米国最大の電力網:データセンターへの一時停電で系統崩壊を防止か

人工知能とクラウドコンピューティングの需要が指数関数的に拡大する中、データセンターの建設ペースは過去最高水準に達している。しかしこの急速な拡張は、電力網に前例のない負荷をもたらしている。TechCrunchの報道によると、米国最大の電力網運営会社であるPJM(13州およびワシントンD.C.をカバー)は、電力系統全体の崩壊を防ぐため、データセンターに対して一時的な停電措置を実施する可能性があると発表した。

背景:データセンターは「電力のブラックホール」

PJMのデータによると、過去3年間でサービス区域内のデータセンターの電力需要は40%以上増加しており、2030年までに米国の総消費電力の9%を占めると予測されている。単一の超大規模データセンターの消費電力は数百メガワットに達することもあり、中規模都市の消費電力に匹敵する。一方、従来の石炭・原子力発電所は順次廃炉が進み、再生可能エネルギーは天候に左右されるため、電力網運営会社は予備容量を頻繁に活用せざるを得ない状況にある。

PJMはこれまでに複数回にわたって警告を発しており、対策を講じなければ今後2年以内にこの地域で最大20%の電力不足が生じる可能性があるとしている。そのため、電力網運営会社は一連の緊急措置を提案している。
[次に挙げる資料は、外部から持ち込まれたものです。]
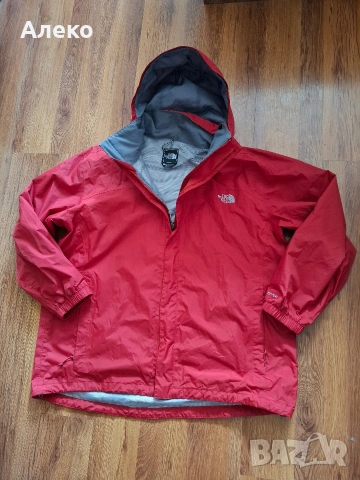 the North face dryvent мъжко яке 2XL размер.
具体的には、ピーク時間帯におけるデータセンターの自発的な負荷削減の要請、遮断可能負荷契約の締結、そして最終手段として他のすべての措置が機能しない場合の強制的な一時停電の実施が含まれる。

「これは、記録的なペースで進むデータセンター建設と、遅れをとる電力網の改修との間で起きている正面衝突だ。」——PJM広報担当者がTechCrunchに対してコメント。

業界への影響:AIトレーニングが中断される恐れ

一時停電はデータセンター運営者にとって悪夢となりかねない。Google、Microsoft、Amazonなどのテック大手のデータセンターでは、重要なAIトレーニングタスクやクラウドサービスが稼働しており、たとえ数分の停電であっても、数時間から数日に及ぶ復旧時間を要し、数百万ドルの損失をもたらす可能性がある。しかし、電力網全体の観点からすれば、一部のデータセンターを犠牲にすることで数百万の家庭や企業への停電を回避できるため、経済合理性のある選択とみなされている。

実際、データセンター側にも対応策がないわけではない。多くの新設データセンターには大型ディーゼル発電機とUPS(無停電電源装置)システムが備わっており、停電時でも数時間の稼働継続が可能だ。ただし問題は、PJMの方針がデータセンターに対し通知を受けた後ただちに電力網から切断することを求めている点にある。これによって発電機の起動が誘発される可能性があり、ディーゼル発電機の排気ガスや騒音が環境面での問題を引き起こすことも懸念されている。

編集後記:エネルギーボトルネックの下でのAIの未来

データセンターへの一時停電が起きるのは今回が初めてではない。2023年にはバージニア州北部の一部データセンターが、電力網の過負荷を理由に負荷制限を求められた事例がある。しかし、ChatGPTや同様の大規模モデルの普及に伴い、AIトレーニングに必要な計算能力は年率10倍のペースで増加しており、あらゆるエネルギー効率化の取り組みをほぼ相殺している状況だ。

長期的な解決策は、電力網インフラの整備加速、再生可能エネルギーのさらなる導入、そしてより高効率なチップと冷却技術の発展にある。また、データセンターはデマンドレスポンス市場により積極的に参加し、電力網における「柔軟性負荷」としての役割を担う必要がある。そうでなければ、一時停電はもはや警告にとどまらず、常態となるだろう。

注目すべき点として、PJMの決定はまだ正式に発効しておらず、規制当局が現在パブリックコメントを収集している段階にある。このケースは、世界各地の他の電力網運営会社にとっての先例となる可能性が高い。AI時代において、デジタル経済の電力需要と電力網の安定性をいかにバランスさせるかは、長期にわたる課題となるだろう。

本記事はTechCrunchより編訳。